• **Recorded data**:
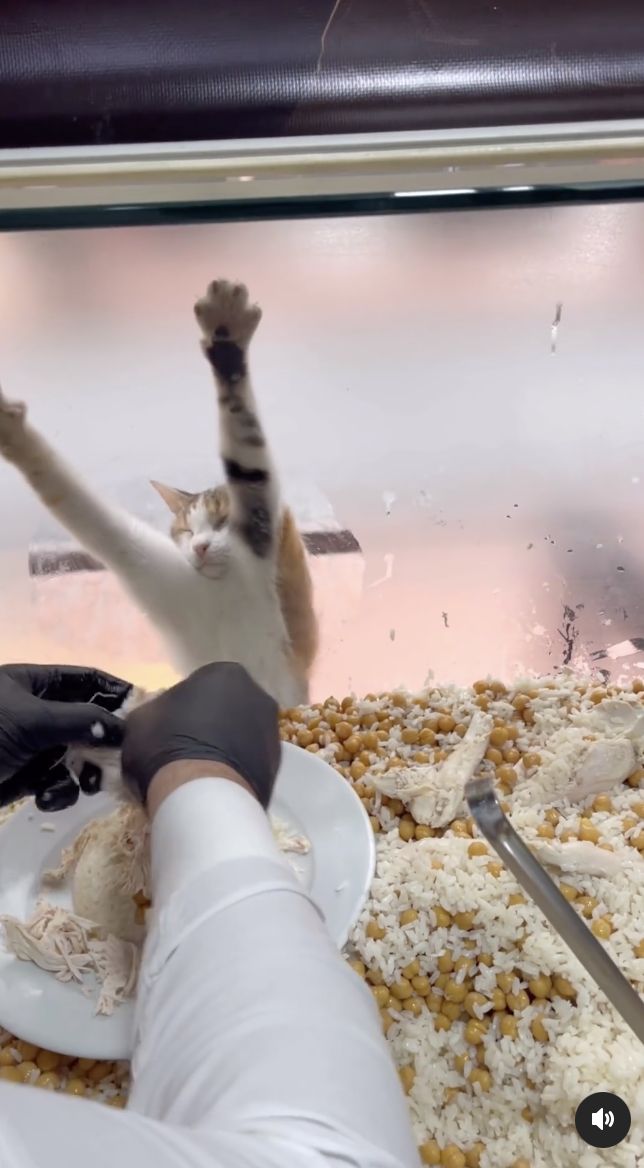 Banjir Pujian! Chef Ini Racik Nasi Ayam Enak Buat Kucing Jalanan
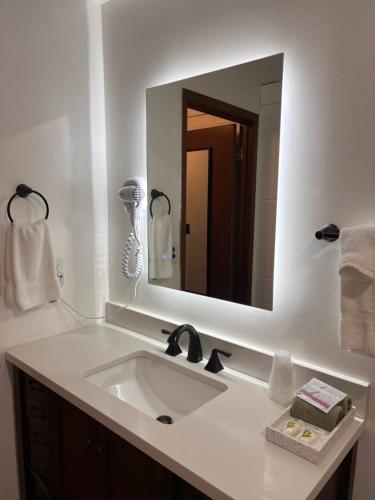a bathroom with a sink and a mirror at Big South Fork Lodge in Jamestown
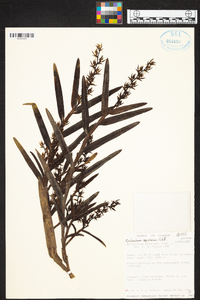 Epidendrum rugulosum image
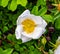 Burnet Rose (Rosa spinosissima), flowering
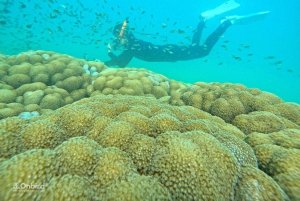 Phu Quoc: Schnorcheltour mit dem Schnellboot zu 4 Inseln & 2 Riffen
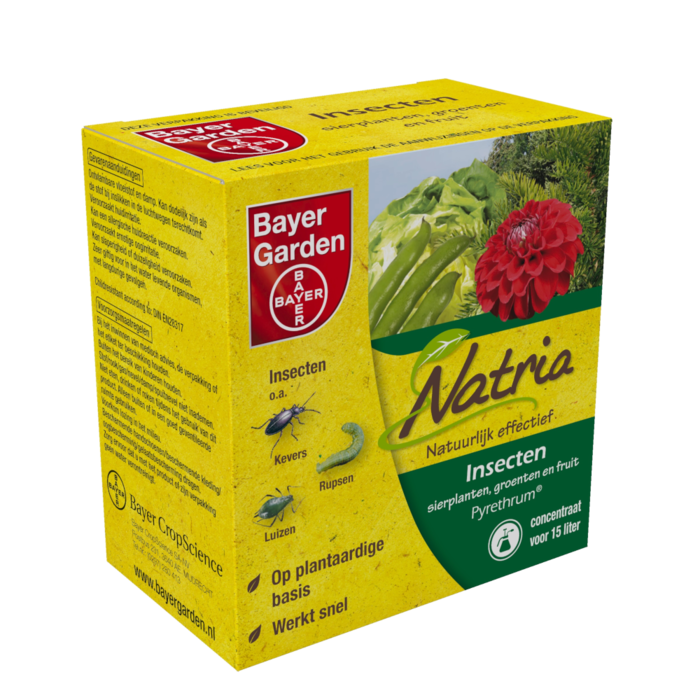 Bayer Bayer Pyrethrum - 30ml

• **Task to complete**:
Exact repetition of all entries is required. The pictures should not appear.

• **Exercise solution**:
 Banjir Pujian! Chef Ini Racik Nasi Ayam Enak Buat Kucing Jalanan
a bathroom with a sink and a mirror at Big South Fork Lodge in Jamestown
 Epidendrum rugulosum image
 Burnet Rose (Rosa spinosissima), flowering
 Phu Quoc: Schnorcheltour mit dem Schnellboot zu 4 Inseln & 2 Riffen
 Bayer Bayer Pyrethrum - 30ml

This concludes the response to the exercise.